From proposing with a ring to exchanging vows in front of our loved ones, we follow a lot of traditions when it comes to getting married.
Practicing such rituals has become second nature to us in the modern age; in fact, we don't really think about how they came to exist in the first place. Obviously, they aren't anything new -- most of them date back hundreds of years to very different times and cultures. And while they're all sweet, cute, and fun now, the same can't exactly be said for them back then.
You'll probably view weddings a bit differently when you learn these 15 interesting, strange, and even barbaric origins of marriage traditions.
1. In 1215, Pope Innocent III instituted a waiting period between a betrothal and the marriage ceremony, with rings symbolizing a couple's commitment in the meantime. They also symbolized social status, so only the elite could wear fancy, jeweled rings.
2. Ancient Spartans are believed to have thrown the first bachelor parties, feasting and toasting to the groom's last night as a single man.
3. In 1840, Queen Victoria wore a white dress at her wedding to Prince Albert -- a choice considered pretty unusual at the time. While she wasn't the first royal to get married in white, she's been credited for starting the white wedding dress tradition.
4. Weddings began as a way to publicly announce a man and a woman were now husband and wife, as they are today. They also helped to prevent incest in places where marrying relatives was unacceptable.
5. In Eastern Europe, mock-kidnappings of the bride are traditional. But up until the 18th century, it was a very real practice around the world, in which a man abducted the woman he wanted to marry. Unfortunately, it still happens in countries including Moldova, Kyrgyzstan, Chechnya, Armenia, Ethiopia, Kazakhstan, and South Africa.
6. Oh, and the best man was chosen based his combat and kidnapping skills.

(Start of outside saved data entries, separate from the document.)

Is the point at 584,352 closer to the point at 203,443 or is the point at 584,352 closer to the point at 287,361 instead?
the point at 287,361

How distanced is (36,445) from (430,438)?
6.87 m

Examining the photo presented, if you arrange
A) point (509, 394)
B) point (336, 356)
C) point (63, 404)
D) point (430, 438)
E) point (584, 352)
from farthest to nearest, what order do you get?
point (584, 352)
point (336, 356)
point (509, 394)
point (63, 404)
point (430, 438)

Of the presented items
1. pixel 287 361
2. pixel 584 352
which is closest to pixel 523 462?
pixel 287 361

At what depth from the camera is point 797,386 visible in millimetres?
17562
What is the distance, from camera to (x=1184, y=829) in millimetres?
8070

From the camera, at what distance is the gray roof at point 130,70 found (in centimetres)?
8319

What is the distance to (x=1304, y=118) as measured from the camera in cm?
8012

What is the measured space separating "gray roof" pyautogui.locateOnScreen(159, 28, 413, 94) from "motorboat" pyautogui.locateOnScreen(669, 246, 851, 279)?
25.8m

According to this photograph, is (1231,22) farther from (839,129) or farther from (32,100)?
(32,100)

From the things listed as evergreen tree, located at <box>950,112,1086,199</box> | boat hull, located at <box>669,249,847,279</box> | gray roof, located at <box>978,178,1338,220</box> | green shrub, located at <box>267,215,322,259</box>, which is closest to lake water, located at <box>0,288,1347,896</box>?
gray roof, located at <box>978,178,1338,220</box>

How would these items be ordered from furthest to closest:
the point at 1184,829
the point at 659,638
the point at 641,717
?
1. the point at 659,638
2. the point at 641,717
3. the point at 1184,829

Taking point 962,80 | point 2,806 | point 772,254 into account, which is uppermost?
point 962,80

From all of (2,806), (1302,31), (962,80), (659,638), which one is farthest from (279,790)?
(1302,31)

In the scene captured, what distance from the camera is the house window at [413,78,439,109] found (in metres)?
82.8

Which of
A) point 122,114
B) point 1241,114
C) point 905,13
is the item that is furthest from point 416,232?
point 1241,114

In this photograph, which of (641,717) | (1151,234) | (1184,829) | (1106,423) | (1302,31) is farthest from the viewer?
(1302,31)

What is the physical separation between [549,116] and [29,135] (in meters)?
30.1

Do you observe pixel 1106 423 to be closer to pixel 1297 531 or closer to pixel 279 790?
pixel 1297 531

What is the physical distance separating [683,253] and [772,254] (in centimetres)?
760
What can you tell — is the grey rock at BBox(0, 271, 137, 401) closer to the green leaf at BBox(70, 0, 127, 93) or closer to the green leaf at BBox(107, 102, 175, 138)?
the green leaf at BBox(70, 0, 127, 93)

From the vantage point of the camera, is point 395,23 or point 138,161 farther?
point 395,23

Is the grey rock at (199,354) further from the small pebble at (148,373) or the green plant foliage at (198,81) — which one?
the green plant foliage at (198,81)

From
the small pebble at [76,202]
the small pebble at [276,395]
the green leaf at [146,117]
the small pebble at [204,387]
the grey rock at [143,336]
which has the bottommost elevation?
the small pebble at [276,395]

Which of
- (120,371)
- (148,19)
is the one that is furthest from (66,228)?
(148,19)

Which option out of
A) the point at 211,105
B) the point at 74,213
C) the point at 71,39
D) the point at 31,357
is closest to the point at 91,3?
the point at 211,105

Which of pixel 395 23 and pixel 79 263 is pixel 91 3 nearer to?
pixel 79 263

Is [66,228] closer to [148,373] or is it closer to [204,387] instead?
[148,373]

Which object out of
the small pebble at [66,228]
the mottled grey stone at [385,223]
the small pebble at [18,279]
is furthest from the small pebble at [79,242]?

7. The bride stands on the groom's left side during the wedding ceremony because he used to need his right hand free to fight off other suitors.

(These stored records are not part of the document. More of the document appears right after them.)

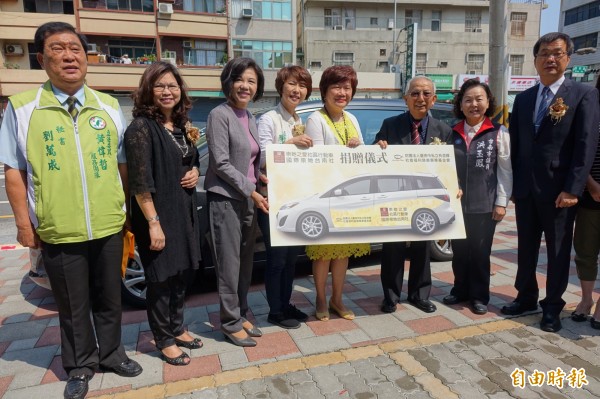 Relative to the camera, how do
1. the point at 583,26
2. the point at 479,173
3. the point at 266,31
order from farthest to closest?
the point at 583,26
the point at 266,31
the point at 479,173

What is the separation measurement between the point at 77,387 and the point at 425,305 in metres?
2.62

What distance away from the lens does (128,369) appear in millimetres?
2490

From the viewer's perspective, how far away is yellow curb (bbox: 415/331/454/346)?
2865 millimetres

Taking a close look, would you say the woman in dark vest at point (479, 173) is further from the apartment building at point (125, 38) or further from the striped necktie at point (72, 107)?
the apartment building at point (125, 38)

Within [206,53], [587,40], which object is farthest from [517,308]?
[587,40]

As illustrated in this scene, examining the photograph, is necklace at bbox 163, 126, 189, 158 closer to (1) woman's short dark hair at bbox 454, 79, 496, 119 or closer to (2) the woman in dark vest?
(2) the woman in dark vest

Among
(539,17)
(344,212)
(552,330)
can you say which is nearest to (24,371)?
(344,212)

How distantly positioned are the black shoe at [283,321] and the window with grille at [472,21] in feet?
98.8

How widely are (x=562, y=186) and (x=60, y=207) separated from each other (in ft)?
11.1

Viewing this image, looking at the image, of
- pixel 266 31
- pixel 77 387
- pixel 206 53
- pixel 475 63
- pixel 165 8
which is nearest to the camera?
pixel 77 387

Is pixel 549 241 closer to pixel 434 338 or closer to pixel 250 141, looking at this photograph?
pixel 434 338

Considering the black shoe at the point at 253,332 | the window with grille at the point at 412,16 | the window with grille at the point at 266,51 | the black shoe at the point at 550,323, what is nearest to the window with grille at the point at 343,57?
the window with grille at the point at 266,51

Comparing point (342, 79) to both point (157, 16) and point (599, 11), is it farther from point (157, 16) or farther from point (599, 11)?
point (599, 11)

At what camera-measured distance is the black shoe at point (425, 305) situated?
3344 millimetres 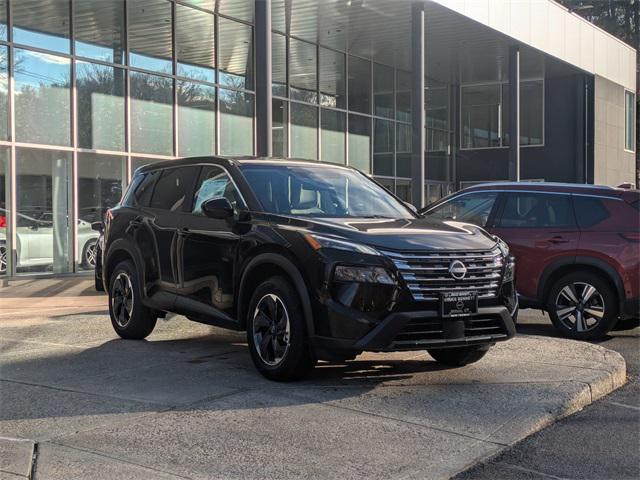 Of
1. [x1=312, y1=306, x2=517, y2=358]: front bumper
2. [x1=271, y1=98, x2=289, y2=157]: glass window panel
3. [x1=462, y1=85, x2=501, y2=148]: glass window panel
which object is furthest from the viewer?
[x1=462, y1=85, x2=501, y2=148]: glass window panel

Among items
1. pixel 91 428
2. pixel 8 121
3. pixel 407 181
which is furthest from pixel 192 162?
pixel 407 181

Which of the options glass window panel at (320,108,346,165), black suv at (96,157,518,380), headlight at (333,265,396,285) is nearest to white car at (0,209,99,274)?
black suv at (96,157,518,380)

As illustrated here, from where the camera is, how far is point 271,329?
5828mm

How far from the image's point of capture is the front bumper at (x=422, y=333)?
205 inches

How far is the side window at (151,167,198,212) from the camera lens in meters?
7.23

8. Back in the day, fathers basically owned their daughters. Walking them down the aisle and giving them away to the groom was a way of transferring ownership.
9. In Ancient Rome, bridesmaids wore the same dresses to act as decoys for the bride, who also dressed the same. Happy events such as weddings were believed to attract evil spirits, so the idea was to make it harder for them to be able to tell the women apart.
10. In the Middle Ages, wedding guests would rip the clothes off the bride as a gesture of good luck. To save her dress from being destroyed, the bride would throw her bouquet as a distraction.
11. The bouquet used to be made out of pungent herbs and spices, including garlic and rosemary, to ward off evil spirits.
12. Tiered wedding cakes came from the tradition of stacking buns in a pile in front of the newlyweds, who were then challenged to kiss each other over the tall stack.
13. Ancient Romans carried their brides over the threshold to protect them from evil spirits that wanted to enter their bodies through the bottom of their feet.
14. Tying cans to cars originated in a French custom called charivari, in which grooms basically apologized for stealing a girl from other suitors by throwing midnight parties.
15. As a wedding gift, ancient Norse newlyweds received a month's worth of mead from their friends and family. Mead is made from honey and a month is one moon cycle. Pair them and you have the word, "honeymoon."